Some time back, Schools Now promised to profile the four Milwaukee School Board members facing election this year. Unfortunately it stopped at only three. Part of the reason for procrastinating is that it is hard to talk about Charlene Hardin without talking about personality and behavior.

She can be charming in person, but at board meetings is often belligerent. A typical example occurred at the committee meeting considering renewal of Afro Urban Institute. Larry O'Neill expressed is unhappiness with her behavior:
At the meeting, we had board members screaming, shouting at the superintendent, pounding on the table. It is false to say there was not help from the administration. The review committee recommended that it was time to revoke the charter. It was well documented. It doesn't help to do some of the things that were done at that meeting. We don't want to set up children for failure.
Oddly, her outbursts often include appeals to the board to work together.

Other than passionate defenses of any group getting funds from MPS--no matter how ineffective, it is hard to associate any set of policies with Hardin.

Wednesday, January 05, 2005

School board elections start

Assuming sufficient signatures survive, there will be three district school board races this April, but no primaries.

In the eighth district (south west side), Larry O'Neil decided not to run for re-election. The two candidates to replace him are Danny Goldberg and John Malloy Hagen.

Kevin Ronnie will run against School Board President Peter Blewett in the sixth district (west side).

Bernadine Bradford will run against Charlene Hardin in the fourth district (north side).

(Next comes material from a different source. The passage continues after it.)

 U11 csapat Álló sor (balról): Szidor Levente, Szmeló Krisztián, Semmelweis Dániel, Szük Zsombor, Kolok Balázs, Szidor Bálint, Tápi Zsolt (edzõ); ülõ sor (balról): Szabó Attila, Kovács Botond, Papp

In the fifth district (east side and near south side), Jennifer Morales is unopposed, reflecting in part perhaps a belief that she was politically in synch with the political views of many of the east side activists and would be hard to beat. The lack of a contest also seems to reflect a lack of interest in MPS on the part of most east siders, few of whom have children in MPS.

More on this race as it develops. Coming up next: why MPS is important.

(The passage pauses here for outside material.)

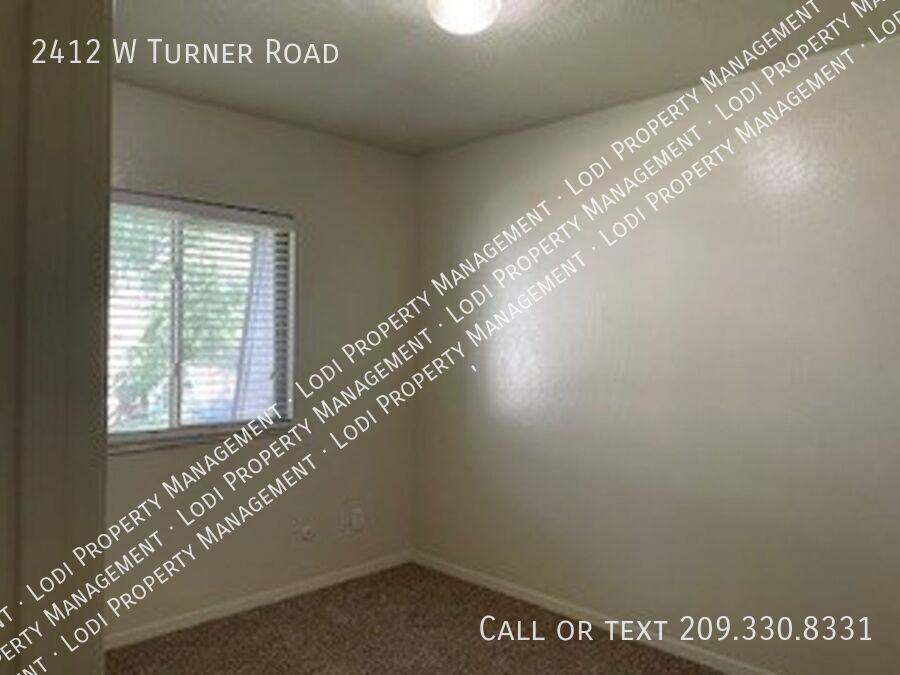 2412 W Turner Rd - Photo 5 of 12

Saturday, January 01, 2005

Cheating in Texas

The Dallas recently published two articles alleging cheating in several Houston schools on the Texas state tests. It appears that teachers gave students cues so they would score higher on the tests. When these students moved to middle school, suddenly their scores were much lower. Former teachers report that they were told to give their students more help.

At a few Milwaukee elementary schools, there is a similar decline in sixth grade, but it appears no one has examined the reasons.

Part of the problem is that for some schools, principals, and teachers, high test scores become an end in themselves. Rather than looking at the tests as a measure of what students are learning and using them to improve learning, teachers come to look at the scores themselves as the goal. It is then a relatively small step to look at anything that improves the scores as a good, even if it does not improve student learning, and in fact gives a false impression of learning.

Perhaps that cultural shift helps explain why such cheating can go on for years.